Zurich: L’Opus Dei dans le collimateur de la Paulus Akademie (080592)

«Sainte, immuable et immortelle  »

Zurich, 8mai(APIC) L’Opus Dei, l’oeuvre catholique controversée dont le

fondateur, Josemaria Escriva de Balaguer, va être béatifié le 17 mai en

grande pompe et en présence de près de 150’000 pèlerins rassemblés sur la

Place St-Pierre, était jeudi soir dans la collimateur de la «Paulus Akademie» à Zurich, une association financée entres autres par la Commission

centrale catholique romaine. A cette occasion, Peter Hertel, un journaliste

allemand connu pour ses critiques de l’Opus Dei, a donné une conférence intitulée «L’Opus Dei – la véritable Eglise?»

A l’inverse de l’Eglise, qui évolue constamment, le renouvellement

n’existe pas pour l’Opus Dei, affirme Peter Hertel. La fondation de cette

oeuvre était pour Josemaria Escriva de Balaguer un acte surnaturel, voulu

par Dieu pour sauver l’Eglise. L’organisation de l’oeuvre a été codifiée

dans ses moindres détails et n’a depuis lors plus changé, poursuit-il.

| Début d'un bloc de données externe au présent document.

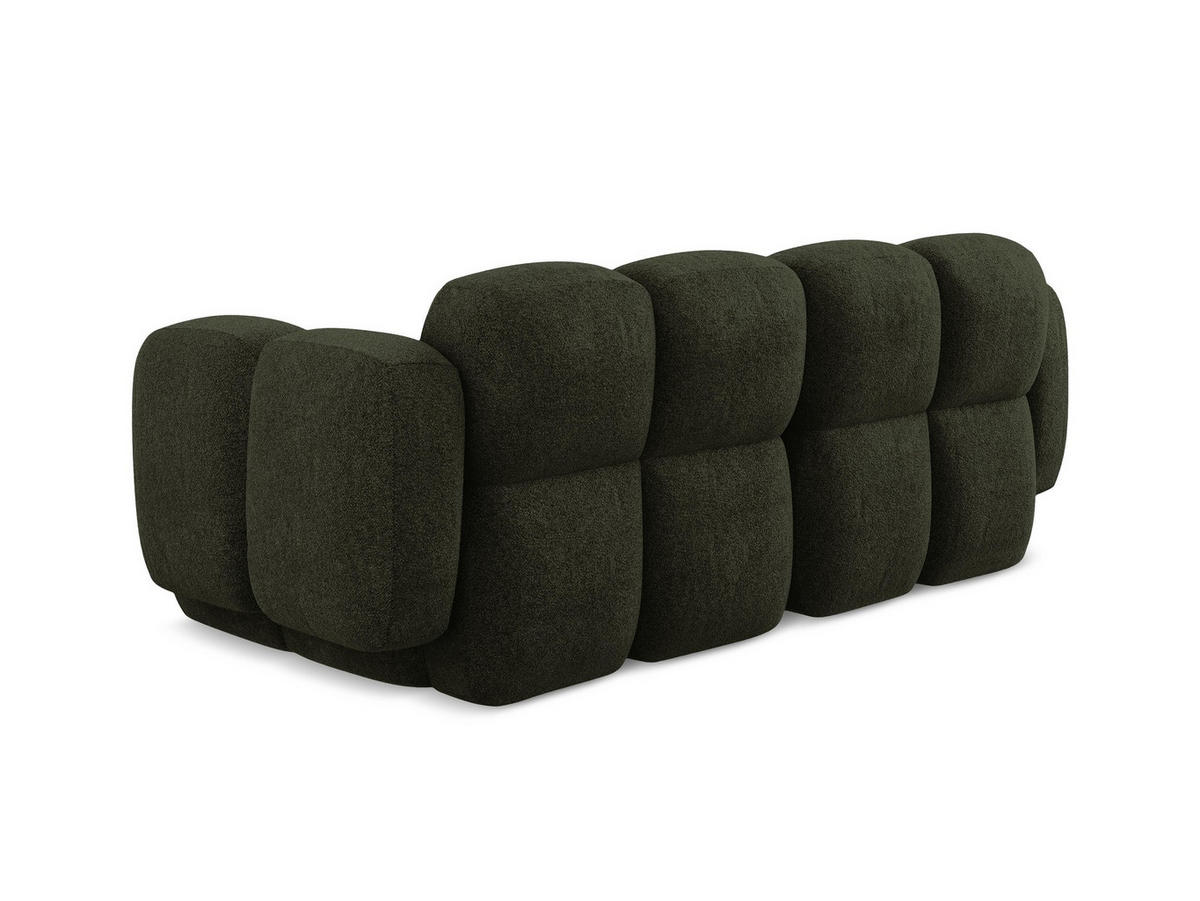 2-SITZER SOFA Chenille Stoff Grün - Dunkelgrün/Schwarz, Holzwerkstoff/Kunststoff (210/72/115cm) - Makamii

«Troupe de choc de Dieu ou sainte mafia?»

Avant la conférence de P. Hertel, l’Académie avait présenté lors d’une

conférence de presse un ouvrage collectif sur l’Opus Dei, dont elle est

l’éditrice: «Opus Dei: Troupe de choc de Dieu ou sainte mafia?», publié par

le «NZN Buchverlag». Dans cet ouvrage en allemand, issu d’un colloque tenu

à Zurich en 1990, Peter Hertel dévoile des documents de l’Opus Dei jamais

rendus publics jusqu’ici.

Le journaliste allemand, dans son exposé, a d’abord parlé du devoir de

maintenir le secret, réglé dans les moindres détails, pour ce qui concerne

les écrits de l’Opus Dei. «Ils doivent être tenus sous clé dans le bureau

du directeur et ne doivent pas quitter le centre». Lors d’un déménagement,

ils doivent être transportés dans une serviette ou une mallette «conçues

spécialement à cet usage et qu’un directeur emporte toujours», affirme

Peter Hertel.

Lors de la conférence de presse, il a présenté des documents de l’Oeuvre

en sa possession «qui contiennent des descriptions détaillées sur le recrutement et l’endoctrinement des jeunes, la stricte séparation des hommes et

des femmes, l’index des livres interdits, la confession et les exercices de

mortification, du devoir de recruter de nouveaux membres, de la création de

fondations ou d’autres organismes pour se procurer des moyens financiers».

Il était en possession de divers documents internes comme «Esprit et usages

pieux», «Règles internes d’administration», la revue interne «Cuadernos»,

deux «vademecum» ainsi qu’un «caeremoniale», un document interne dans lequel on trouve par exemple des instructions détaillées concernant l’examen

de conscience.

Protestation du directeur du bureau d’information de l’Opus Dei

Lors de la conférence de presse, le directeur du bureau d’information de

l’Opus Dei à Zurich, Beat Müller, s’est fermement élevé contre la publication de ces documents. Il a expliqué que la non publication de ces écrits

sert la protection de la sphère intime et privée des membres de l’Opus Dei.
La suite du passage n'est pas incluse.